═════ Material provided

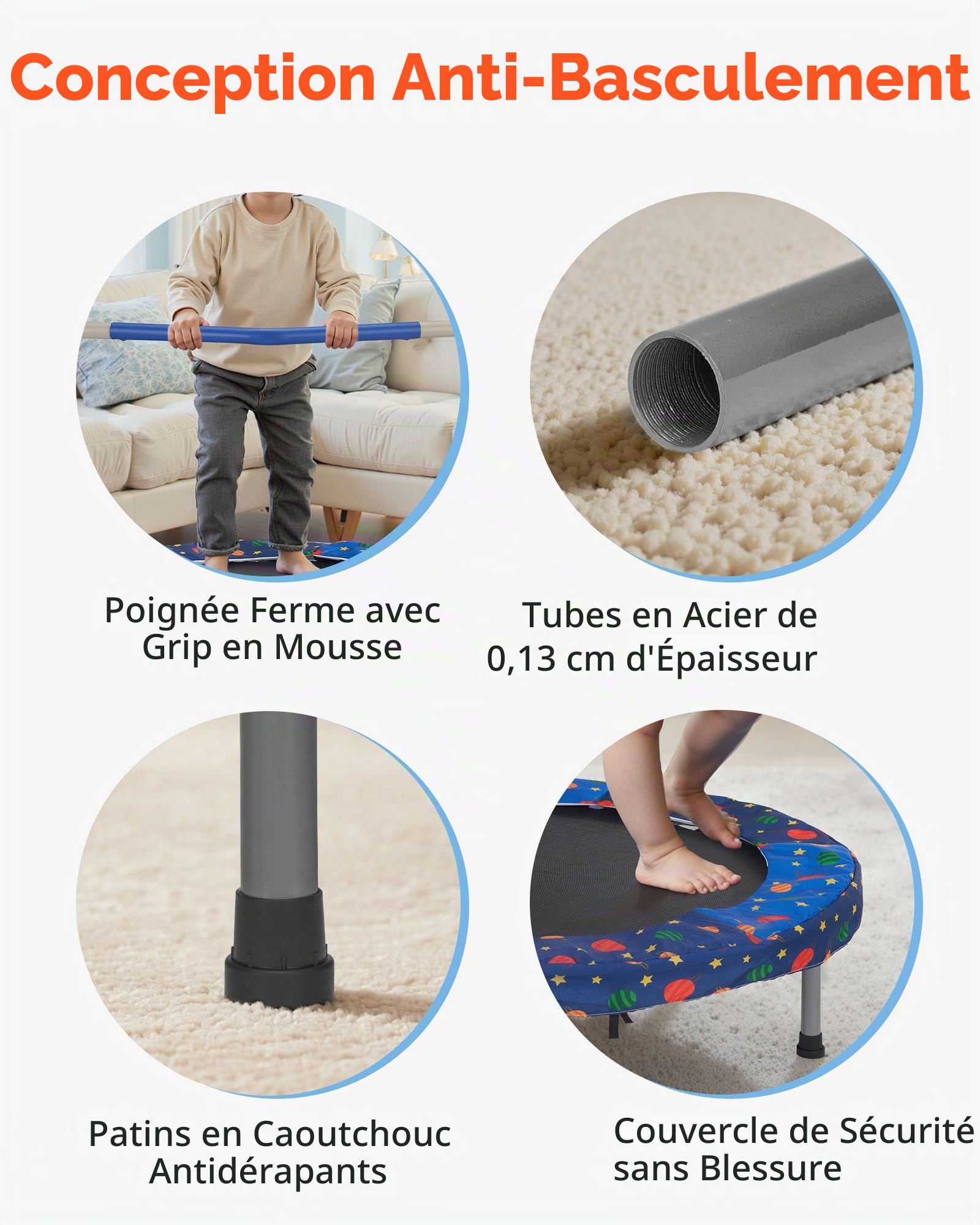VEVOR Mini Trampoline Pliable pour Enfant, 955 x 750 mm, Fitness rebounder pour Tout-Petits avec poignée, Cadeau d'anniversaire pour Enfants de 3 Ans et Plus, garçons et Filles pour s'amuser, Bleu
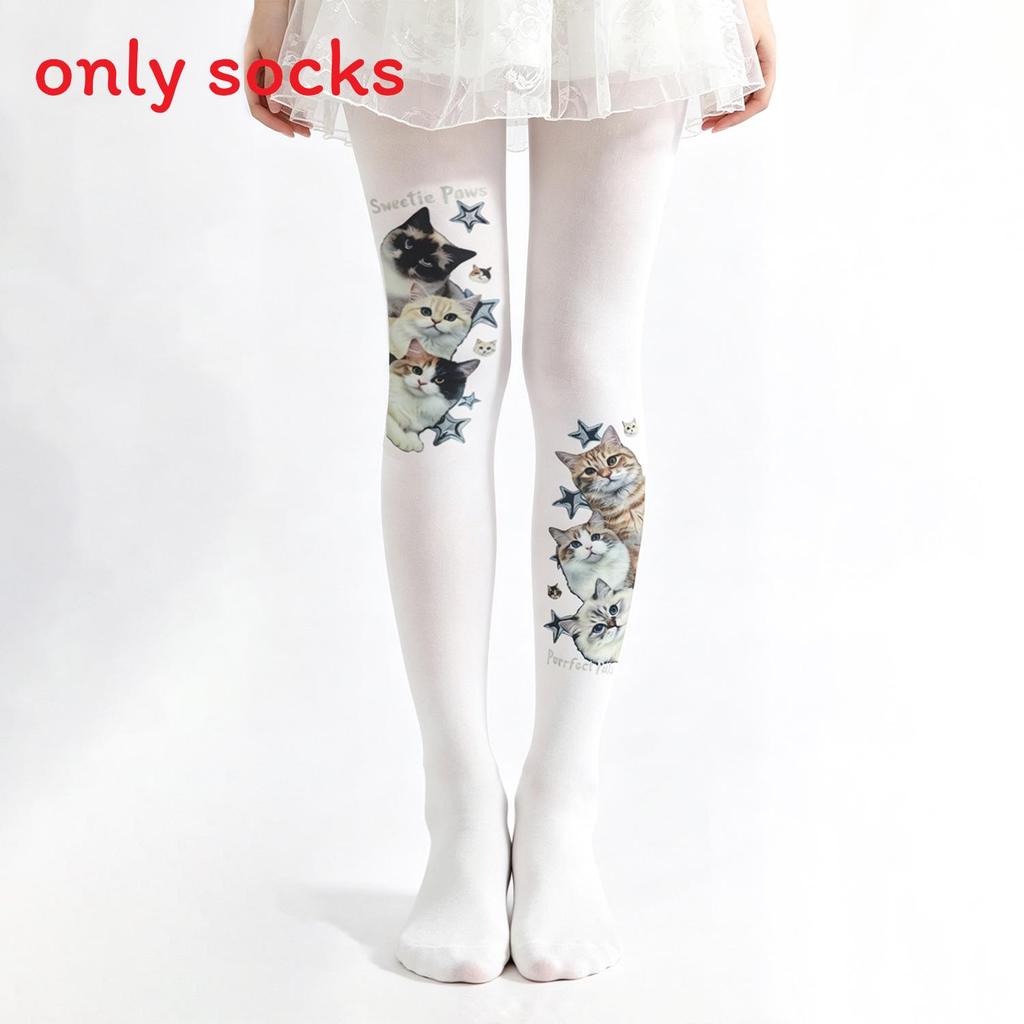 Cat Print Velvet Tights With Hip Lifting And Slimming For Casual Women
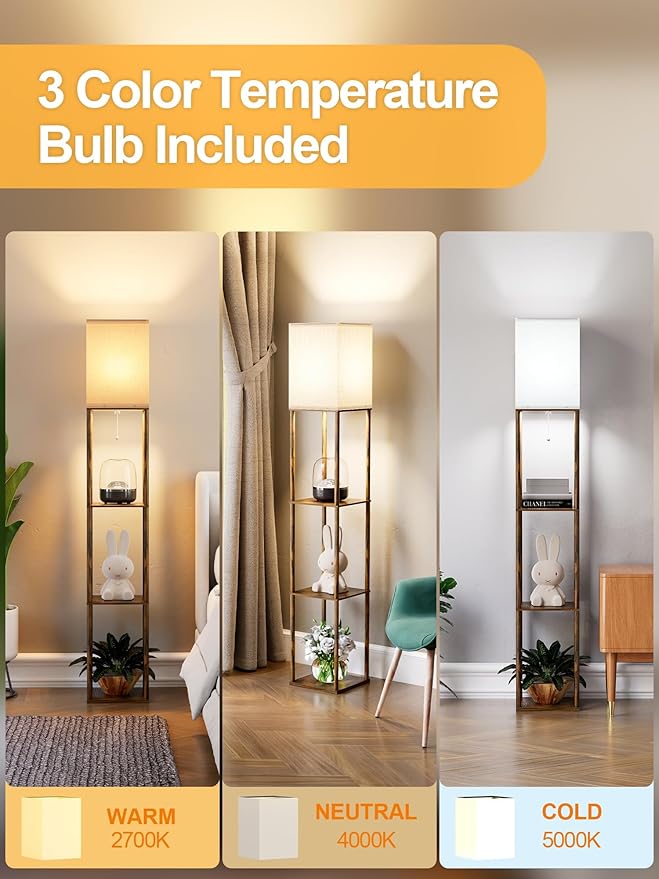 Floor Lamp with Shelves for Living Room Brown, Shelf Floor Lamp with 3 CCT LED Bulb, Corner Display Standing Column Lamp Etagere Organizer Tower Nightstand with White Linen Shade for Bedroom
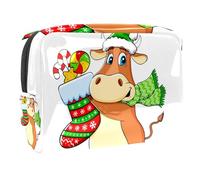 Green Hat Scarf Bull Holds Socket with Candy Cosmetic Bag for Women Travel Toiletries Bags Large PVC Makeup Handy Pouch Organizer with Zipper, multicolor, 18.5x7.5x13cm/7.3x3x5.1in, Neceser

══════════

#### What you will do
Extract exactly the lines above from the line containing "Floor Lamp with Shelves" through the last one, both ends included, but not the pictures.

#### Solution
 Floor Lamp with Shelves for Living Room Brown, Shelf Floor Lamp with 3 CCT LED Bulb, Corner Display Standing Column Lamp Etagere Organizer Tower Nightstand with White Linen Shade for Bedroom
 Green Hat Scarf Bull Holds Socket with Candy Cosmetic Bag for Women Travel Toiletries Bags Large PVC Makeup Handy Pouch Organizer with Zipper, multicolor, 18.5x7.5x13cm/7.3x3x5.1in, Neceser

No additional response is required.